It’s been a dusty day here in BSMW headquarters, as those who worked with Alan Greenberg share their thoughts and memories of the man.
Greenberg’s employer, the Hartford Courant also has a memories page with some of his best work from over the years.
A trust fund has been established for Alan’s three children:
Greenberg Children’s Trust
c/o Citizens Bank
450 Boston Post Road
Sudbury, Massachusetts 01776
For me, it’s been a day of introspection. I obviously knew nothing about the man. I was critical of things he had said from time to time and things that he had written. Clearly from all the things I’m hearing, I had a different (and erroneous) image in my head of who Alan Greenberg was.
I wish I knew him better.
Tell me if you notice a theme throughout these memories:
I am bummed, big-time, today. Alan Greenberg was a friend.
I go back more than 25 years, to his LA Times days. In all that time, I don’t think we ever spent more than five minutes with him without there being a laugh. He was a tremendous companion.
Let me echo what I’m sure you’ve heard many times: he relished being a dad. The idea that he leaves behind three kids is appalling.
It’s a loss to our business. He was a talent. Even more, he was an intellect. We can’t replace him.
The man wore polo shirts, in February, in Syracuse. He also could eat more without gaining weight than anybody I’ve ever seen. Really. Watching him at a press-box buffet was like watching a wolverine. These were the last two things I teased him about, at some game, last fall. These were the first two things I teased him about, at the Olympics, in LA, back in 1984.
The Times had an incredible A-Team covering those Games — Rick Reilly, Mike Littwin, Scott Ostler, and Alan could play with all of them. Over the next decade, as I became a columnist for the Herald and Alan became one in Hartford, we’d trip over each other at major events the way that columnists always do. It’s a traveling circus that way. We talked politics — very left, very loud — and we talked about movies and we talked about our kids, when they finally came along.

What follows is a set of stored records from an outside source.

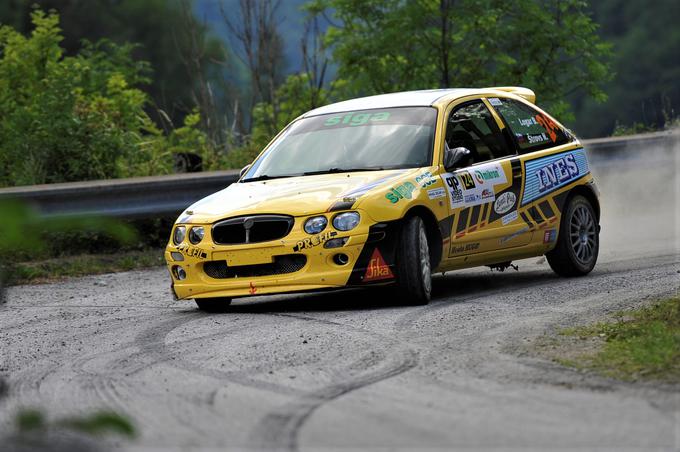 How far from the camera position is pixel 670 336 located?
21.1 ft

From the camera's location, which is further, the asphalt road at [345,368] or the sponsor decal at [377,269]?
the sponsor decal at [377,269]

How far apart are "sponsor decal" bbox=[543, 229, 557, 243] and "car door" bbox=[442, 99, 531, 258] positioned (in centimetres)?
24

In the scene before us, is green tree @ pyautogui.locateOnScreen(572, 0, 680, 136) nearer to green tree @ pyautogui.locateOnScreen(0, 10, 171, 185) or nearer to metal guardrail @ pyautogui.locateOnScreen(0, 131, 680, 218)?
green tree @ pyautogui.locateOnScreen(0, 10, 171, 185)

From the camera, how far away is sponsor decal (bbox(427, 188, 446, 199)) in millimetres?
9102

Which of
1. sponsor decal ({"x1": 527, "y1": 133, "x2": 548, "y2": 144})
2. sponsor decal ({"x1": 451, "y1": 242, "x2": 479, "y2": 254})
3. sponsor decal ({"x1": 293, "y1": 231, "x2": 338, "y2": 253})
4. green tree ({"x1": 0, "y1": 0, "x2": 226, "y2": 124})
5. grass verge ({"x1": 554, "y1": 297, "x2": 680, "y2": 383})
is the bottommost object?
grass verge ({"x1": 554, "y1": 297, "x2": 680, "y2": 383})

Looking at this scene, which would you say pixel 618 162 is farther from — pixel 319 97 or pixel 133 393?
pixel 133 393

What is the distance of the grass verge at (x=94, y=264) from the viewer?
39.1 ft

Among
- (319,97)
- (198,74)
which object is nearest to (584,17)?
(319,97)

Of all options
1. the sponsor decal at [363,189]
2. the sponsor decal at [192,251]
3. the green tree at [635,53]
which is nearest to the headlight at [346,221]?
the sponsor decal at [363,189]

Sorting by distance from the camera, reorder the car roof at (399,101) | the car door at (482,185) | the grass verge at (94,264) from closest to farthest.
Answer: the car door at (482,185)
the car roof at (399,101)
the grass verge at (94,264)

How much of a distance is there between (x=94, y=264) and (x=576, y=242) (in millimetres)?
4750

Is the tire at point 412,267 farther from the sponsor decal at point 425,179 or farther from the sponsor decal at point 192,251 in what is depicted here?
the sponsor decal at point 192,251

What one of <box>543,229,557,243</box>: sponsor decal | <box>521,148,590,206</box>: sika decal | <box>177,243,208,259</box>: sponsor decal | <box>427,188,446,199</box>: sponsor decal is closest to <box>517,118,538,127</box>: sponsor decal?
<box>521,148,590,206</box>: sika decal

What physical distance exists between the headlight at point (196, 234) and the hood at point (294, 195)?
0.19 ft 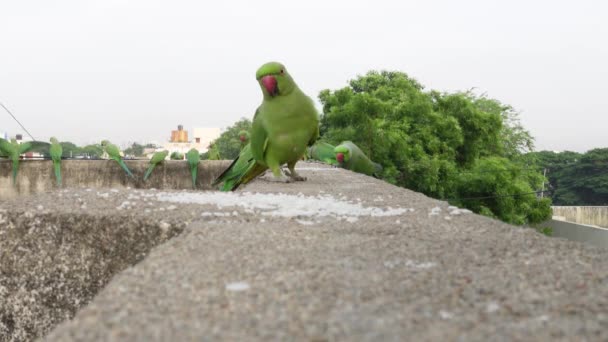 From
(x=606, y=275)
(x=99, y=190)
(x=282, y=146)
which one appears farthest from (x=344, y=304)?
(x=282, y=146)

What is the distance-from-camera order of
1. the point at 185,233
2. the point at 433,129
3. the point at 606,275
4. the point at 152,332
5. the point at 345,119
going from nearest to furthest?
the point at 152,332 → the point at 606,275 → the point at 185,233 → the point at 345,119 → the point at 433,129

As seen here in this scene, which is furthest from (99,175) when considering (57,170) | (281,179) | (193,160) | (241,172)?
(281,179)

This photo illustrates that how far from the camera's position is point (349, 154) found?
7098 millimetres

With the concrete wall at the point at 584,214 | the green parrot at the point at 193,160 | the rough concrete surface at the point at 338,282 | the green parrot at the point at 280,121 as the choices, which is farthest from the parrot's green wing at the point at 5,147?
the concrete wall at the point at 584,214

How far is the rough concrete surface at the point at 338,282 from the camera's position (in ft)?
3.51

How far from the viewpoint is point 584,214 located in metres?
32.2

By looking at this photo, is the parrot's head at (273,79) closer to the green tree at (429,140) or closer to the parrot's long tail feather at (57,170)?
the parrot's long tail feather at (57,170)

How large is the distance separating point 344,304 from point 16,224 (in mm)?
1693

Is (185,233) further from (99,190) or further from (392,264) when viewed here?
(99,190)

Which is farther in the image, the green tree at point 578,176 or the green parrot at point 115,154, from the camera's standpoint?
the green tree at point 578,176

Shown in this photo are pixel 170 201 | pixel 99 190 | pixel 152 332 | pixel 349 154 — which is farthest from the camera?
pixel 349 154

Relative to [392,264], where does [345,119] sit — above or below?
above

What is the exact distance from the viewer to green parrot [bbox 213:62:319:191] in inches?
161

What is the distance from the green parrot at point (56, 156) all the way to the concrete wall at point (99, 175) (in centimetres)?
11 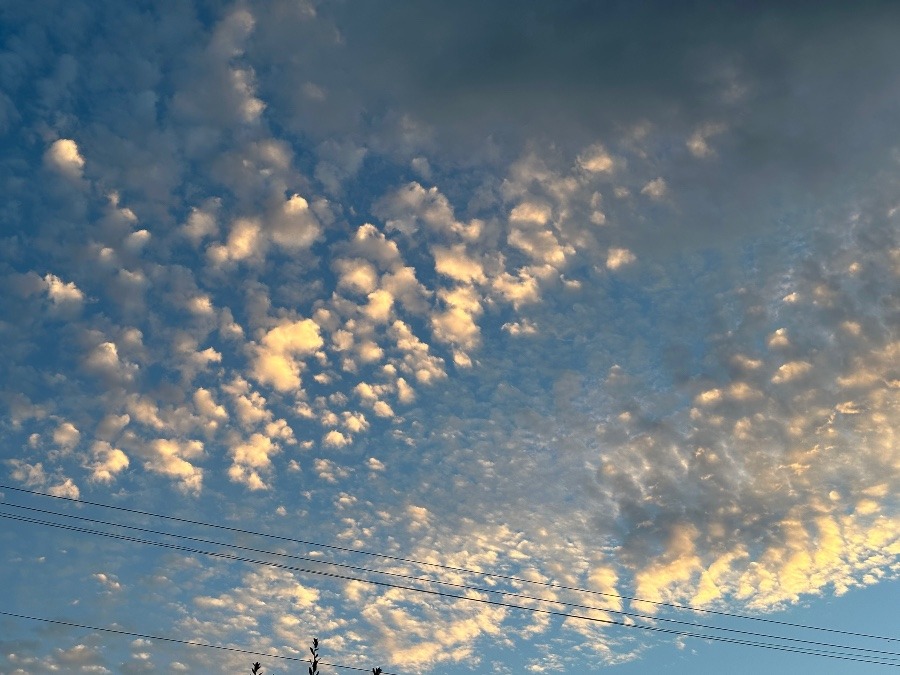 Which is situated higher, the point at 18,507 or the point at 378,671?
the point at 18,507

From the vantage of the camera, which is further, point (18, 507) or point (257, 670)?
point (18, 507)

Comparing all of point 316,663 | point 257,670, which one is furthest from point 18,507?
point 316,663

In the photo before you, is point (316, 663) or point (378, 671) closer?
point (378, 671)

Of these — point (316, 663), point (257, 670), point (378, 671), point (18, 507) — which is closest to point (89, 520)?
point (18, 507)

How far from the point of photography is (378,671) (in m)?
38.0

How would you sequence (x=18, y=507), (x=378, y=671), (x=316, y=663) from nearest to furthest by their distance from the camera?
1. (x=378, y=671)
2. (x=316, y=663)
3. (x=18, y=507)

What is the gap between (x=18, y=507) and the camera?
1727 inches

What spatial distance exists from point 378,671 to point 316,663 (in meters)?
5.59

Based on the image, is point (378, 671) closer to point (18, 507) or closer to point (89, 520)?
point (89, 520)

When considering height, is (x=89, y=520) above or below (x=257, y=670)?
above

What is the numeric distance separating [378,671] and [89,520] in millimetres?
25983

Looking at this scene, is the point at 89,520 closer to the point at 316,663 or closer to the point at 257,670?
the point at 257,670

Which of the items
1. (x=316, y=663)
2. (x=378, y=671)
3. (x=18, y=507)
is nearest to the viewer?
(x=378, y=671)

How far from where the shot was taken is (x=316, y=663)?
133 feet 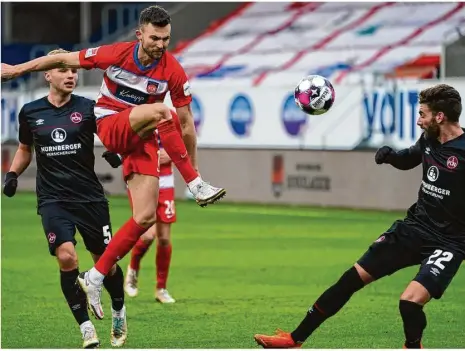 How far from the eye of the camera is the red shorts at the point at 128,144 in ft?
27.3

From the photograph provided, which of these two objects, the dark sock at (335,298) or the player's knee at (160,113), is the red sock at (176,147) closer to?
the player's knee at (160,113)

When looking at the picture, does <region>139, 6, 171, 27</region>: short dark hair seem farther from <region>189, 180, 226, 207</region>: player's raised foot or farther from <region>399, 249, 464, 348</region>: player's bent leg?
<region>399, 249, 464, 348</region>: player's bent leg

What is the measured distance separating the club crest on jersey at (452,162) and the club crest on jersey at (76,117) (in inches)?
105

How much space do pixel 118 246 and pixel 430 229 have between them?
209cm

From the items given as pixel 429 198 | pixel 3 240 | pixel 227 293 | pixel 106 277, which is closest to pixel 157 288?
pixel 227 293

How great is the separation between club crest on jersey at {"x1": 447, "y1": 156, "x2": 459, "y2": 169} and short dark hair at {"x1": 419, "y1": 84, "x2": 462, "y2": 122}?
9.5 inches

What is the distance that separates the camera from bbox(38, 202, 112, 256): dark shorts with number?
859cm

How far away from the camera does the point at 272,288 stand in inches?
474

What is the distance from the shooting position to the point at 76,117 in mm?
8773

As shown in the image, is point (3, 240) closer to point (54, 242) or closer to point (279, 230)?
point (279, 230)

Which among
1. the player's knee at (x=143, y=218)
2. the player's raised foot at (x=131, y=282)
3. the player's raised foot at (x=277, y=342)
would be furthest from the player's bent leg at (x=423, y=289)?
the player's raised foot at (x=131, y=282)

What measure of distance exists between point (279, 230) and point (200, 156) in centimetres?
575

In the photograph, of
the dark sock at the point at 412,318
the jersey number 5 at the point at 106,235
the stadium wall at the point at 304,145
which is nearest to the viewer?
the dark sock at the point at 412,318

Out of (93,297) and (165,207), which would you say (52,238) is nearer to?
(93,297) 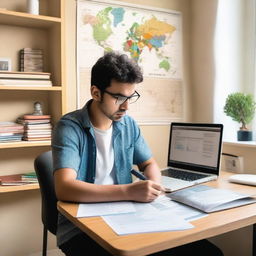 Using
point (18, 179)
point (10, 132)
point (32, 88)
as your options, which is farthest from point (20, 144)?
point (32, 88)

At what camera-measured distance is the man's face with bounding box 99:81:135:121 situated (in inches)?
53.6

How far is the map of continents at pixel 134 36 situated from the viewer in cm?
230

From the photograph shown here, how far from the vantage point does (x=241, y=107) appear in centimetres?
212

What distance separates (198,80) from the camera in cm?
267

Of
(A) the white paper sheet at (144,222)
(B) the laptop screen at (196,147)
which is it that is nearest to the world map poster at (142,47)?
(B) the laptop screen at (196,147)

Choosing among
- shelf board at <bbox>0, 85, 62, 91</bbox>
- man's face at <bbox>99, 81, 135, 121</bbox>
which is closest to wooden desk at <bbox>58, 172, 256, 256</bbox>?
man's face at <bbox>99, 81, 135, 121</bbox>

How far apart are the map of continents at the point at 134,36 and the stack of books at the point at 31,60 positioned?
0.95 ft

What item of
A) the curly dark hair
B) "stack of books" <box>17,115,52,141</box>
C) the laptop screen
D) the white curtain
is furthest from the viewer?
the white curtain

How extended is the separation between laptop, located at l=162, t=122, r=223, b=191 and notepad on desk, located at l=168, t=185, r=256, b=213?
0.27 meters

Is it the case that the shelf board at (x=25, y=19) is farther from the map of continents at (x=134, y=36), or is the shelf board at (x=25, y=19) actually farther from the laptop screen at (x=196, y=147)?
the laptop screen at (x=196, y=147)

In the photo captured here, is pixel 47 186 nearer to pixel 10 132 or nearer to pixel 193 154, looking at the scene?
pixel 10 132

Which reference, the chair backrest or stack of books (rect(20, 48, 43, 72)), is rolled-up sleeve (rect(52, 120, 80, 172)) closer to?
the chair backrest

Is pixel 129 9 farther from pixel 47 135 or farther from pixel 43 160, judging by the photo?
pixel 43 160

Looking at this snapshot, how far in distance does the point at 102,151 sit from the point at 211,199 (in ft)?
1.75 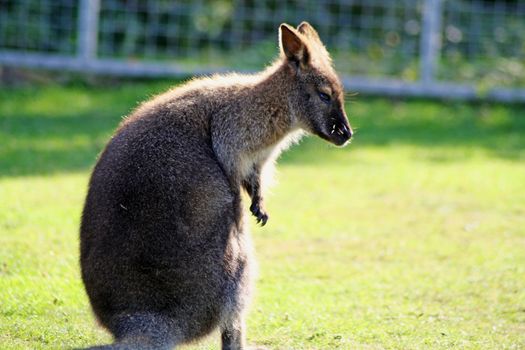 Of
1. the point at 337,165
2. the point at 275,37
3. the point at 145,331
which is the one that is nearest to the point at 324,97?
the point at 145,331

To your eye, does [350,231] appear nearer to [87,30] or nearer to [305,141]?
[305,141]

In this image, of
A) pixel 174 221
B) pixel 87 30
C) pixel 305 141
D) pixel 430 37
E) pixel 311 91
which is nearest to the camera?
pixel 174 221

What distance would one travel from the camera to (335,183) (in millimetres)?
9953

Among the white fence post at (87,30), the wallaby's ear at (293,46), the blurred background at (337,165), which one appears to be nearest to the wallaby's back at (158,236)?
the blurred background at (337,165)

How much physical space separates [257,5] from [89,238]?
9.81 meters

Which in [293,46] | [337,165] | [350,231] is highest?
[293,46]

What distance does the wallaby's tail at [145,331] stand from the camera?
16.2 ft

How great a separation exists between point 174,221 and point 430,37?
959 centimetres

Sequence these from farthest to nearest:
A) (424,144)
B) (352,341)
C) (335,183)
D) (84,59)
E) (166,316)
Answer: (84,59)
(424,144)
(335,183)
(352,341)
(166,316)

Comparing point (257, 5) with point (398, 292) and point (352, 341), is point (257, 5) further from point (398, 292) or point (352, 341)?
point (352, 341)

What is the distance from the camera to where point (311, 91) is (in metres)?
6.04

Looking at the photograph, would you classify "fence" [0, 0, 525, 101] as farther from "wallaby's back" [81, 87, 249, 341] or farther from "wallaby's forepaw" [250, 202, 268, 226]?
"wallaby's back" [81, 87, 249, 341]

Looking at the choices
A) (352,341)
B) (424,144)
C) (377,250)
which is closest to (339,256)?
(377,250)

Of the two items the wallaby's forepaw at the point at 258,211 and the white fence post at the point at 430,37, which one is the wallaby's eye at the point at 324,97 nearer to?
the wallaby's forepaw at the point at 258,211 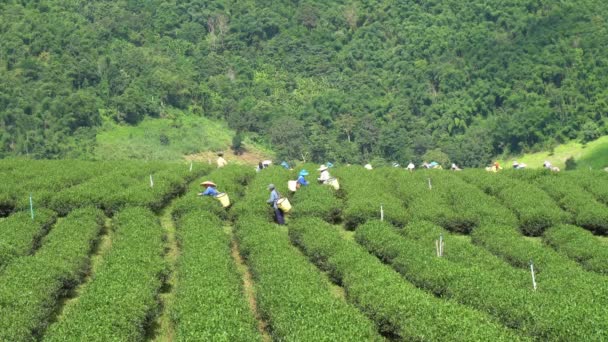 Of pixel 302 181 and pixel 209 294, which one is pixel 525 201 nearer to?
pixel 302 181

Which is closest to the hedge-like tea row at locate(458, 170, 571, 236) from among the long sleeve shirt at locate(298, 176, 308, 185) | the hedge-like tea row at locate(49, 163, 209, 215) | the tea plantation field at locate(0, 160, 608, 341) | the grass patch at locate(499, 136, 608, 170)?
the tea plantation field at locate(0, 160, 608, 341)

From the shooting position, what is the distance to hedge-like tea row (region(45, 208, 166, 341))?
1597cm

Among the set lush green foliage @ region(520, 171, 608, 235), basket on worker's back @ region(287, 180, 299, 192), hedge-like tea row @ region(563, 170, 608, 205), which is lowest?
hedge-like tea row @ region(563, 170, 608, 205)

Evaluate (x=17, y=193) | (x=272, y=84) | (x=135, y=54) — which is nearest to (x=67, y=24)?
(x=135, y=54)

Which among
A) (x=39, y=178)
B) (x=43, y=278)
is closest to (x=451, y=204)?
(x=43, y=278)

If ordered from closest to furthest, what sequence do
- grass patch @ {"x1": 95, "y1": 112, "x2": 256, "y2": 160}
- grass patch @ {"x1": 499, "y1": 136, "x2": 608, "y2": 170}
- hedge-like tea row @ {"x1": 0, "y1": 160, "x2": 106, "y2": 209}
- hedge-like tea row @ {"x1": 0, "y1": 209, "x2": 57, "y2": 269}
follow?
hedge-like tea row @ {"x1": 0, "y1": 209, "x2": 57, "y2": 269}
hedge-like tea row @ {"x1": 0, "y1": 160, "x2": 106, "y2": 209}
grass patch @ {"x1": 499, "y1": 136, "x2": 608, "y2": 170}
grass patch @ {"x1": 95, "y1": 112, "x2": 256, "y2": 160}

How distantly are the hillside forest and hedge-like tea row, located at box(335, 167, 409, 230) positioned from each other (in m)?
66.0

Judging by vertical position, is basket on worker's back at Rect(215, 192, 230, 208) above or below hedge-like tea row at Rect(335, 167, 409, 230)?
above

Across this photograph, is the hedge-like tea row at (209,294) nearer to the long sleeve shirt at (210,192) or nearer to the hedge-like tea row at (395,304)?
the hedge-like tea row at (395,304)

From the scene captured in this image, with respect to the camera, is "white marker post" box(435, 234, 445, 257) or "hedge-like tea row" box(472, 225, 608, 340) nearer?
"hedge-like tea row" box(472, 225, 608, 340)

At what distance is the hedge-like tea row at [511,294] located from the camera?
1580cm

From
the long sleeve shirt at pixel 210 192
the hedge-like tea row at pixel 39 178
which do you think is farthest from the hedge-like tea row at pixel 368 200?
the hedge-like tea row at pixel 39 178

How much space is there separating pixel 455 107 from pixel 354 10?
4649 centimetres

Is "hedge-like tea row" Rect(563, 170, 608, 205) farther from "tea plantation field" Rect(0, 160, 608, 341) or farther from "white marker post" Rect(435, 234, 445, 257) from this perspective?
"white marker post" Rect(435, 234, 445, 257) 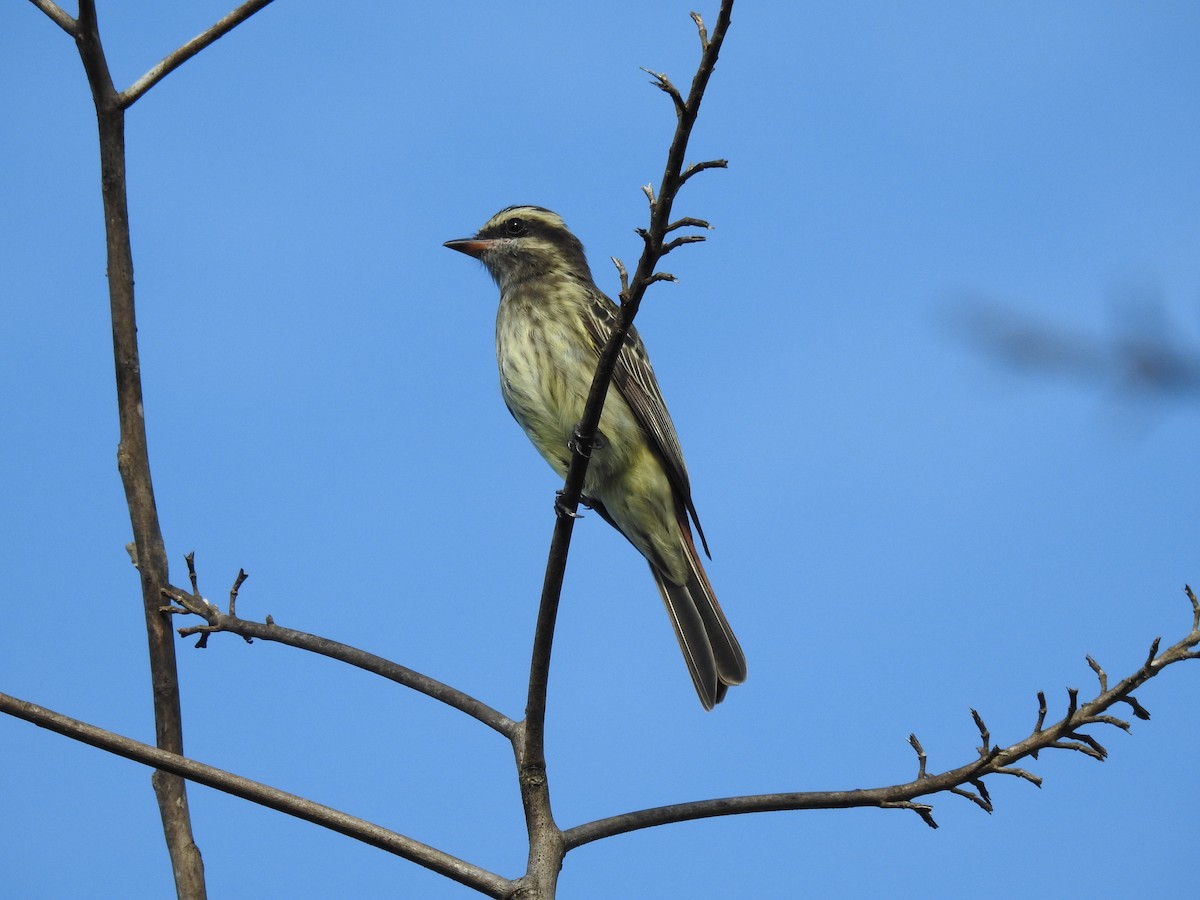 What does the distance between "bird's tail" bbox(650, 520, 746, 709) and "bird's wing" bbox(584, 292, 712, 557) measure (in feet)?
0.66

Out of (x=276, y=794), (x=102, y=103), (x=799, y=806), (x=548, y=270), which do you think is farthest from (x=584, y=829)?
(x=548, y=270)

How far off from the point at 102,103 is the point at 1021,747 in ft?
12.4

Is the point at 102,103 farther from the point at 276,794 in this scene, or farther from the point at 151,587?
the point at 276,794

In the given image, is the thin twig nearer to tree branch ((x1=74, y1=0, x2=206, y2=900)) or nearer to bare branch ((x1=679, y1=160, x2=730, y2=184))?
tree branch ((x1=74, y1=0, x2=206, y2=900))

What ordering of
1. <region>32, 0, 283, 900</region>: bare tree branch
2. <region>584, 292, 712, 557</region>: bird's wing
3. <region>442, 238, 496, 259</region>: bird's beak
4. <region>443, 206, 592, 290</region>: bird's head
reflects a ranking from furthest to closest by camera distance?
<region>442, 238, 496, 259</region>: bird's beak < <region>443, 206, 592, 290</region>: bird's head < <region>584, 292, 712, 557</region>: bird's wing < <region>32, 0, 283, 900</region>: bare tree branch

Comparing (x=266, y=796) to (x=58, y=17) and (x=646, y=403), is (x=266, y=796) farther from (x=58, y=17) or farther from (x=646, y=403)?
(x=646, y=403)

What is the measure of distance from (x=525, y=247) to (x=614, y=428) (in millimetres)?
1690

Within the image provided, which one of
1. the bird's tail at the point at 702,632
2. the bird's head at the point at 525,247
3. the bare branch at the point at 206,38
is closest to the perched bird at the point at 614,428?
the bird's tail at the point at 702,632

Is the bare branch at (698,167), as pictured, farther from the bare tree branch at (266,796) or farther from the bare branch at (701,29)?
the bare tree branch at (266,796)

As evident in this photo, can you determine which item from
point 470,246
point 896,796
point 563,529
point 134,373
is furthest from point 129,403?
point 470,246

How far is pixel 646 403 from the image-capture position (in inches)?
282

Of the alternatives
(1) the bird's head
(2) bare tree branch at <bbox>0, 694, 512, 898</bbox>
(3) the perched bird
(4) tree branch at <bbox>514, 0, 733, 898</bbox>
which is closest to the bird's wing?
(3) the perched bird

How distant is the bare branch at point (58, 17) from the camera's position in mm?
4711

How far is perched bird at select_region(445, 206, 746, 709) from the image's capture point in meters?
6.91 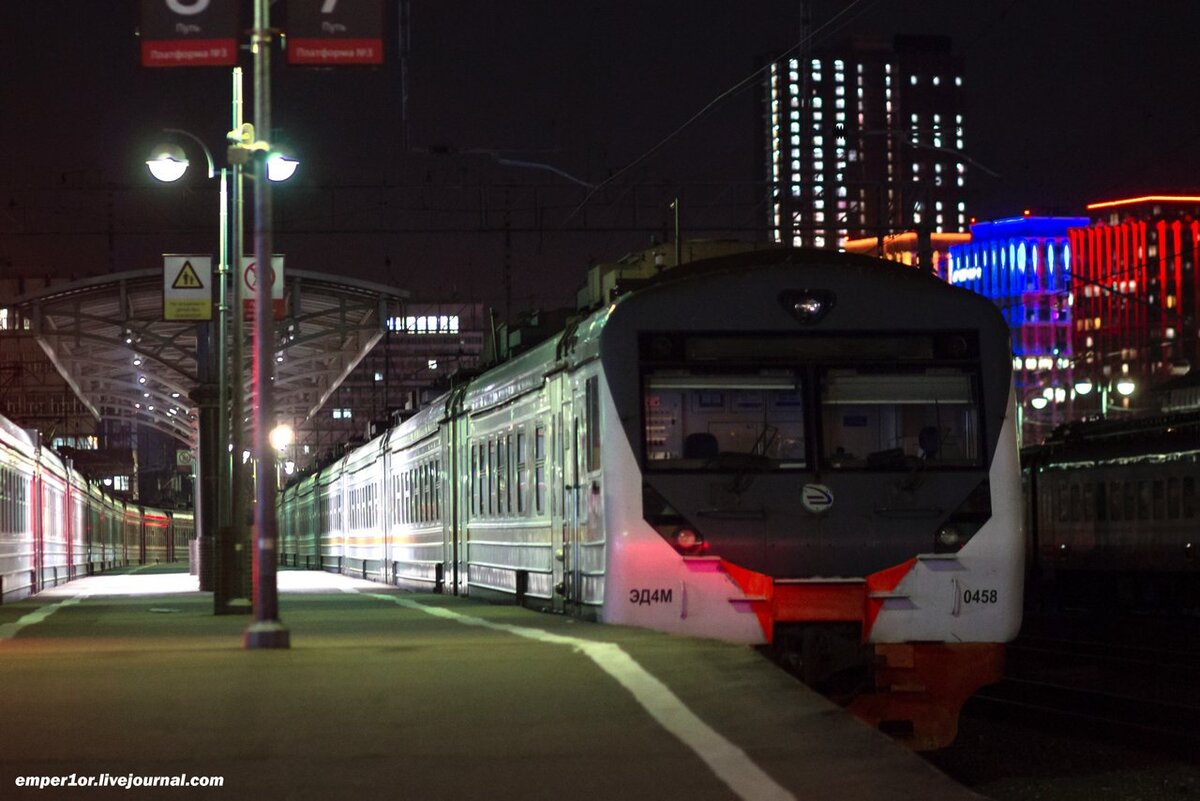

We even talked about sports, but that was a distant fourth, or maybe fifth. One night, on a bus coming back from a late session at the US Open tennis in New York, Alan said that The National, which was just then signing people aboard, had offered him a featuring writing slot, but that he didn’t want to give up the traveling columnist circus at major events. He said he would miss the guys. I believed him. A month later, I took the job that Alan turned down.
Son of a bitch, if I didn’t miss the guys, too.
He was always around, he was always solid, and he was a very fixed point in a business that is changing in so many ways, and not all of them for the better. I bounced a lot of ideas for the Brady book off him during 2005, and he didn’t make a single suggestion that I didn’t follow. He was one of the people I thought I could count on being around forever. He was involved in mankind, he was. Goddamn John Donne anyway.
Charles P. Pierce
To give you yet another perspective on Alan:
Shortly after I joined the Hartford Courant in 1988, my brother Paul was killed in an automobile accident. He had three little boys. Alan Greenberg, with whom I had just started to work, consistently made it a point to ask me how Paul’s kids were doing. We went out for pizza one night at the Hacienda in Somerville, and Alan, who was unmarried at the time, talked at great length about how much he wanted to raise a family, to have kids. It was a theme to which he often returned. I was not surprised, then, when I read this morning, in The Courant, the words Alan planned to use at his son’s upcoming bar mitzvah:
“I’ve made my living writing about the accomplishments of great athletes, but my greatest accomplishment, my and your mother’s greatest joy, is to introduce you and your sisters, Allison and Abby, as our children.”
That would have been so Alan.
This has already been said by many others, yet bears repeating: Nobody disliked Alan. He will be missed.
Thanks for remembering Alan in your web site today.
I spent six years in the Hartford Whalers PR Department (85-91) when Alan was a columnist at the Courant and got to know him pretty well. I was impressed that a man with so much talent and intelligence was also so down-to-earth.
Although Boston fans know him as a Patriots beat writer and TV guest, he had no peer as a columnist. From the mid-80s to early 90s, his columns were among the finest anywhere.
Despite his immense talent he never took himself too seriously and always brought a smile to my face.
Bruce, if you are compiling/posting thoughts on Alan and care to have mine…..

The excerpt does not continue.